Digital Foundry vs. E3: Microsoft • Page 3

A technical look at yesterday's games and announcements.

Kudo Tsunoda went on to talk about precision tracking of the fingers being able to accommodate concepts such as pulling a trigger on a virtual gun, but there was little evidence of this even in the finger-tracking demo, which essentially turned the painting on and off through recognition of the shape of the hand as opposed to high resolution mapping of the fingers themselves.

The overall Kinect showing was highly prolific across a large range of game and Kinect Labs was a stroke of genius, but it was really difficult to accept that the hardware had a home within traditional core gaming: the interface is just too different and too divorced from the requirements of fast, responsive control in something like a shooting title, and you can't help but feel that Kinect's place is in providing new types of game best suited to the hardware, as opposed to being shoe-horned uncomfortably into existing game styles.

Returning to those core game staples, Microsoft delivered the goods in the form of a new Gears of War 3 campaign demo, a Forza trailer and two Halo reveals. Gears demonstrated that what we've seen thus far in the multiplayer beta is just a sample of the kinds of outrageous action we'll see in the campaign, with this demo concentrating on a confrontation with a lambent version of the sea boss from Gears 2. It's much bigger than its predecessor, decked out with bonus dangling tentacles on its head and spitting out smaller creatures from its newly engorged eye.

It looked very, very special - frame-rate was smooth, and while edge-aliasing was occasionally noticeable in a couple of places, it was mostly hidden by consistent lighting between surfaces. There's almost no sign of shader aliasing and texture filtering on the ground looked good too.

Turn Ten says that Forza 4's intro is entirely based on in-game captures - we can believe it.

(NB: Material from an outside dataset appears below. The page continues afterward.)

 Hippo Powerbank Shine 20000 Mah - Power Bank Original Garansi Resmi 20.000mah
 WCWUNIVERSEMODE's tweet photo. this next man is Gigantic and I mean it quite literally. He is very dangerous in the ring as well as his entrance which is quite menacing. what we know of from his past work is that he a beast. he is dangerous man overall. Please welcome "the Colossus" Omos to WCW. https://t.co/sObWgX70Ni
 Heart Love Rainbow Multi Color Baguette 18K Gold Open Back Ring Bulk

That said, only the Ferrari showcase running in the background appeared to be running at the game's signature 60Hz, suggesting the 30FPS replay spec was used for the majority of the trailer.

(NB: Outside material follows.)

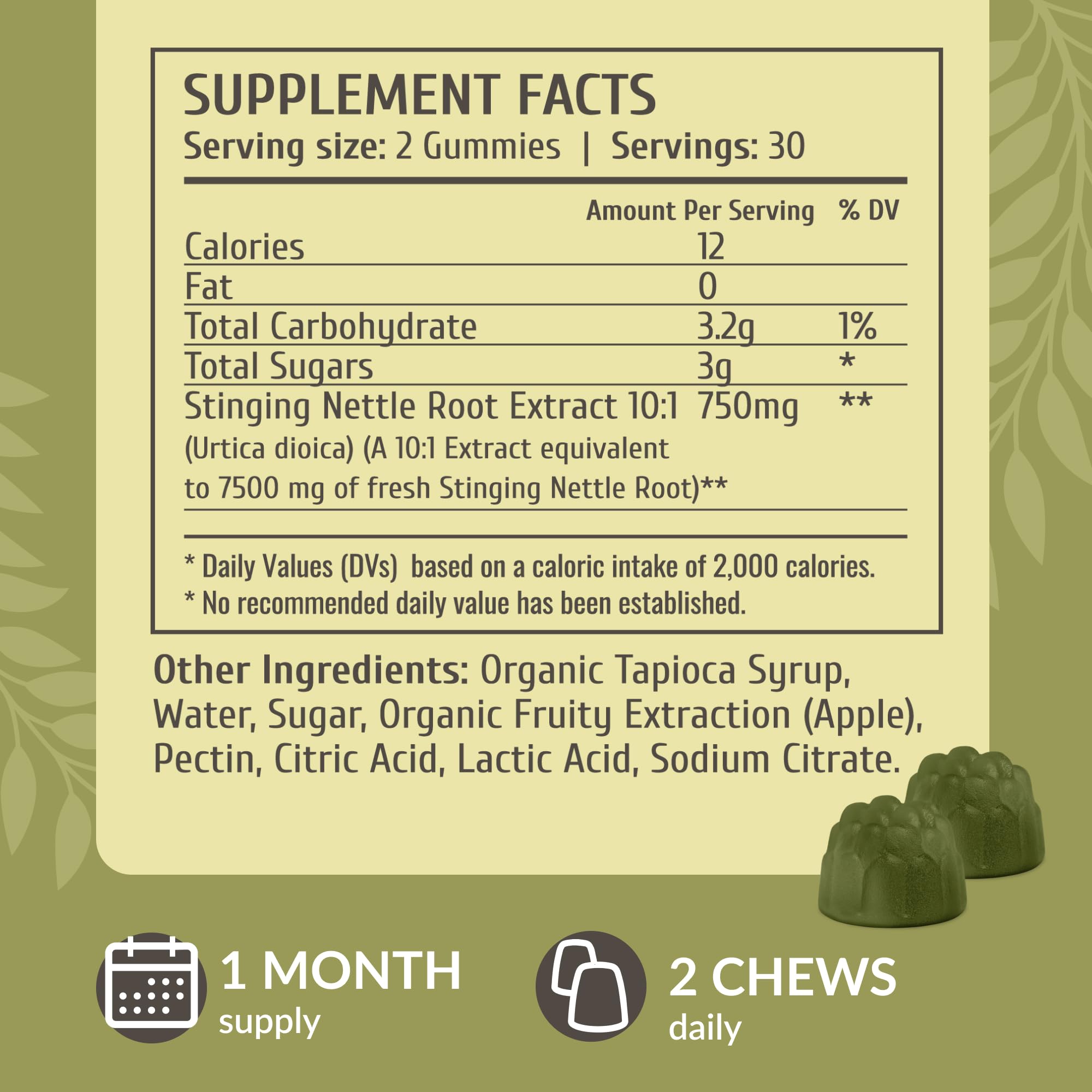 HERBAMAMA Stinging Nettle root extract ingredients list for vegan, non-GMO formulation.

The Forza 4 trailer, apparently based entirely on in-game assets also looked really impressive, with the Ferrari showcase in particular being a highlight. We believe Turn Ten's claims that this was all based on actual in-game assets - the reflections on the car had a fair amount of low resolution aliasing for example, but it looked as though the Ferrari section was the only aspect of the video that was running at 60Hz. A quick look at the 1080i60 transmission from SpikeTV seems to confirm that everything else was running at a solid 30FPS, perhaps based on the replay engine spec, which in Forza 3 halved frame-rate in order to accommodate 4x multisampling anti-aliasing (MSAA) and higher LOD car models.

Little could be discerned from the HD remake of the original Halo over what was obviously apparent from the presentation the footage itself - the artwork has been redrawn from scratch, numerous details have been added, lighting looked excellent in general. According to a 343 Industries interview with Ars Technica, the original code is being used with a secondary HD engine on top, ensuring the game plays identically to the classic. This also gives you the ability to switch between "original" and HD visuals. In terms of the new artwork, the redesign of the Mark V Spartan suit: the overall look and the chest plate in particular seemed to be far less bulky than we would expect, giving a more agile appearance. ( Engine details added)

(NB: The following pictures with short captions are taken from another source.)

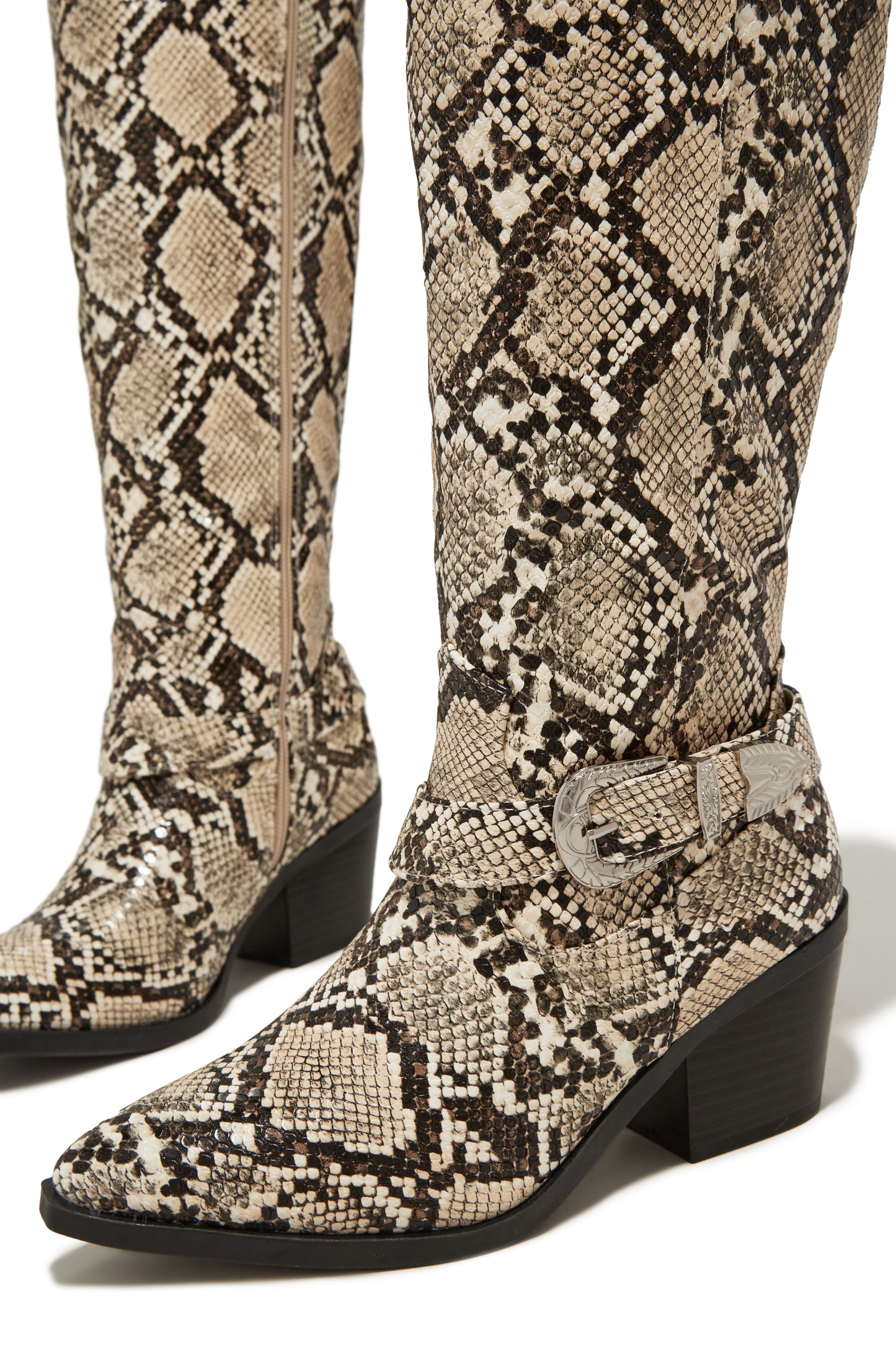 Zelia Western Cowgirl Boots - Snake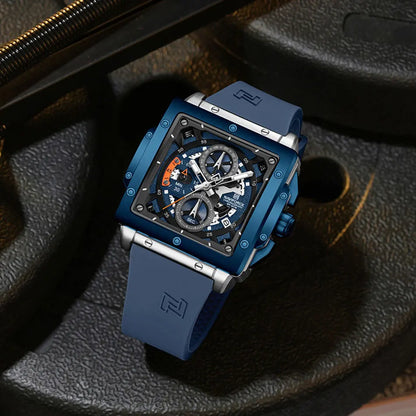 NAVIFORCE Watches for men Sports Unique Square Quartz Date Display Watch Multifunction Chronograph Waterproof Luxury WristWatch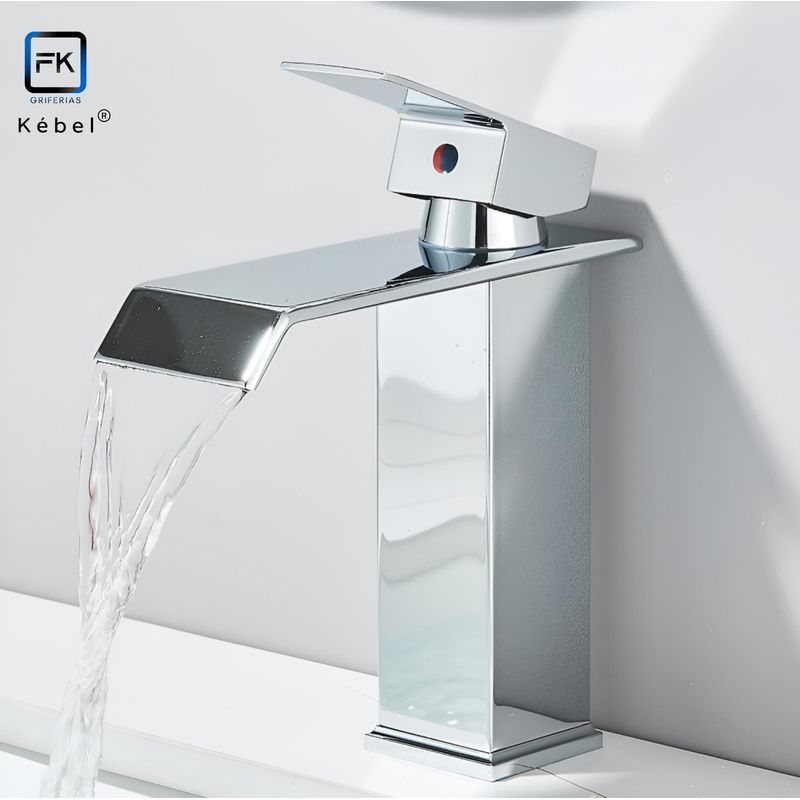 GENERICO - Llave Monomando Lavamanos Cascada Plana Chrome Kébel FK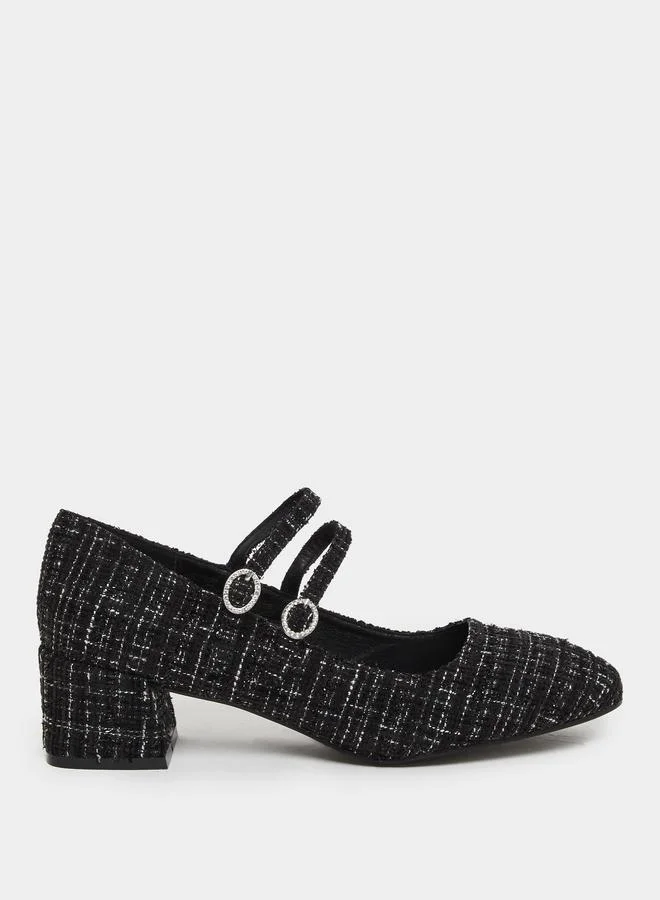 Styli Styli Black Tweed Block Heel Mary Jane Shoes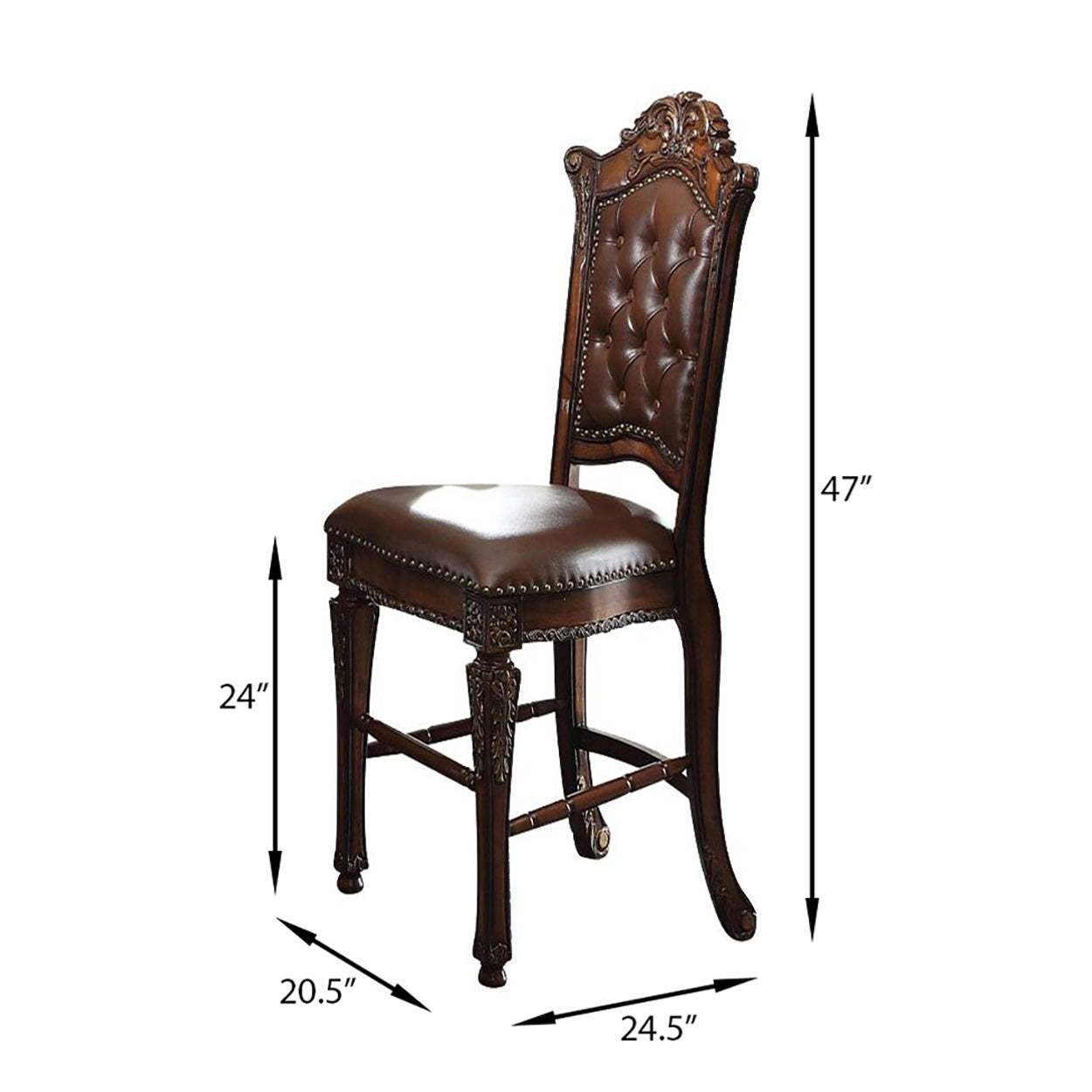 Cherry Counter Height Stools With Trim Set Of 2 Cherry Brown Dining Room Rectangular Bar Stools Tufted Back Set Of 2 Wood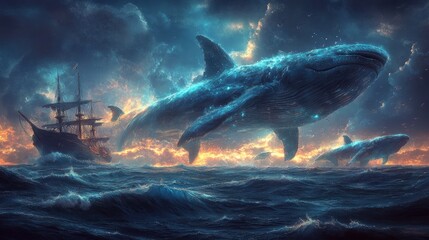 Wall Mural - A fantastical scene of glowing whales swimming near a ship in a stormy ocean.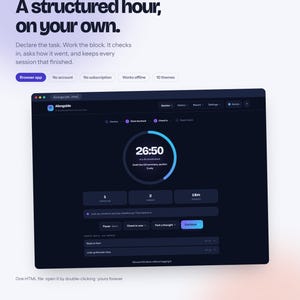 May include: A digital interface for the Alongside productivity tool, featuring a dark-themed dashboard with a central circular timer set to 26:50, task tracking sections, and navigation buttons for session management, history, reports, and settings.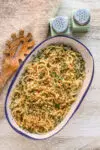 Pasta with anchovy butter in a serving dish, ready to enjoy.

The HD remake of Halo features all-new artwork in addition to the resolution boost, and you have the option of playing with both the original and 'remastered' graphics.

The Halo 4 reveal at the end of show, seemingly CG in nature, was more of a teaser than any kind of game preview. However, we can see that the Master Chief's suit has once again been redesigned, leaner-looking than it was in Halo 3, and it appears to have new low-G thrusters attachments and there's a new pistol attachment we haven't seen before either. The notion that this would kick off a new Halo trilogy was also intriguing - will we be moving to a yearly update, with all of the games appearing on Xbox 360 or will the franchise transition across to the next-gen, as before?

Microsoft will doubtless be congratulating itself on a job well done. It kicked off with a great reveal for what will almost certainly be the biggest-selling game of the year, it showcased a range of impressive exclusives and while Kinect was a bit hit and miss, the tech has already proven to be hugely successful outside of the core market and the products on offer looked likely to continue that.

The inclusion of more media options (including YouTube) is a big deal, and the voice-powered search options via Bing were cute - though once again the response time from the system from the actual command seemed a touch prolonged.

Microsoft came to the conference as the only platform holder of the Big Three not showcasing any kind of brand new hardware, instead focusing on its inherent strengths in the core game market, emphasising its links with Call of Duty, returning some sense of momentum to Kinect and attempting to seize back some of the ground Sony has claimed for its own in providing state-of-the-art, unmissable exclusives. In just about all of these cases, the platform holder acquitted itself well.

However, the event did leave us a bit puzzled. If development studio Big Park is responsible for Kinect Sports Season Two, what's going on at Rare?